SIGPWR

Its been quite a long time since i came out here. Yeah i've been busy with some other work and couldn't really focus on posting anything here.

But i am here aren't I and yeah ive got something new.

Its about linux system calls and signal handling. This simple piece of code was originally a part of a assignment that i was supposed to do.

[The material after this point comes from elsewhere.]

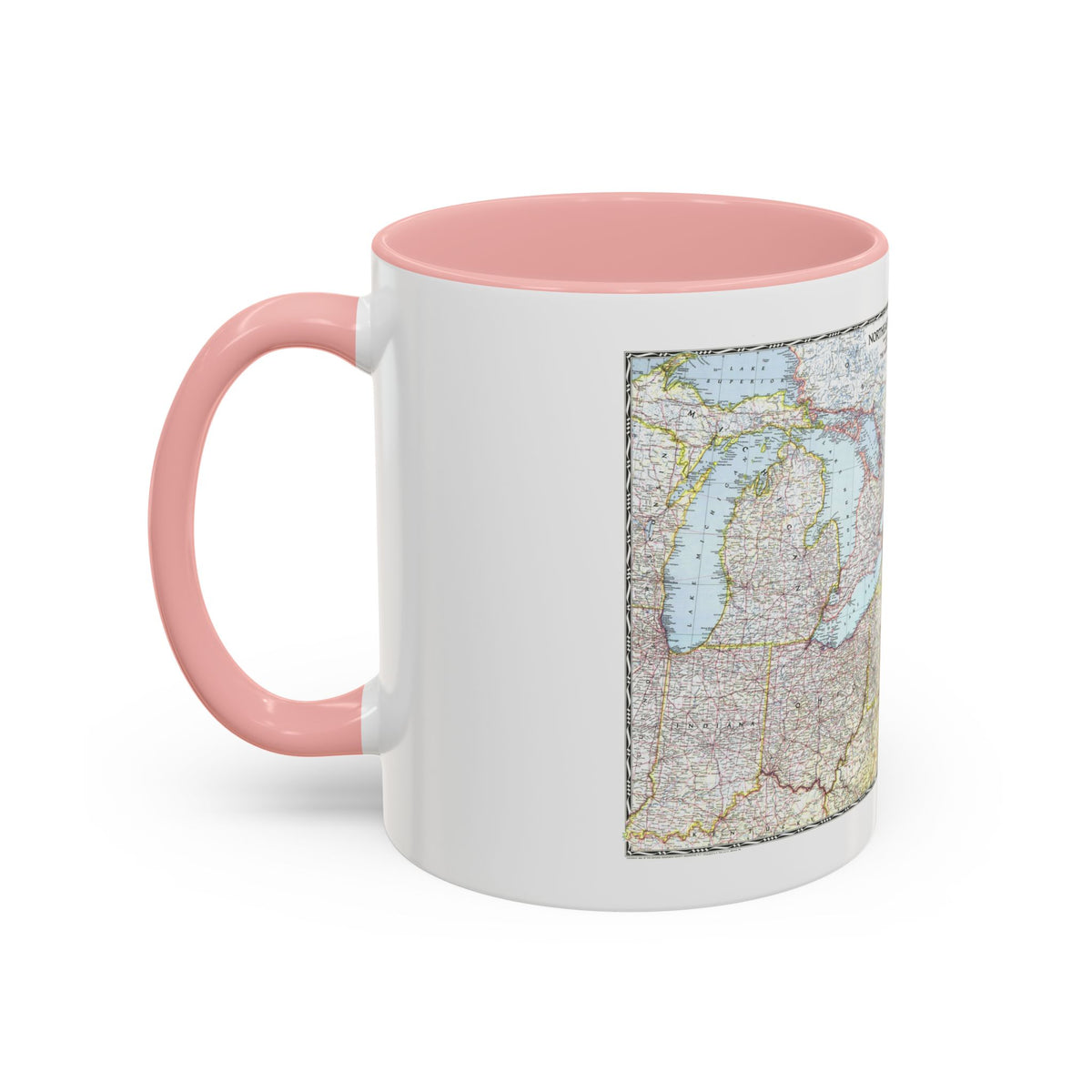 USA - Northeastern (1945) (Map) Accent Coffee Mug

Basically what it does it prompts the user to create a file by entering a filename at the beginning. And then the the program goes about finding the sum of 1 to 1000. Yes this doesn't take up much time but ive slowed it down using the sleep command. And this program will ensure that whenever the program receives a SIGPWR interrupt the program will write the the proceeds of the summation to the above created file.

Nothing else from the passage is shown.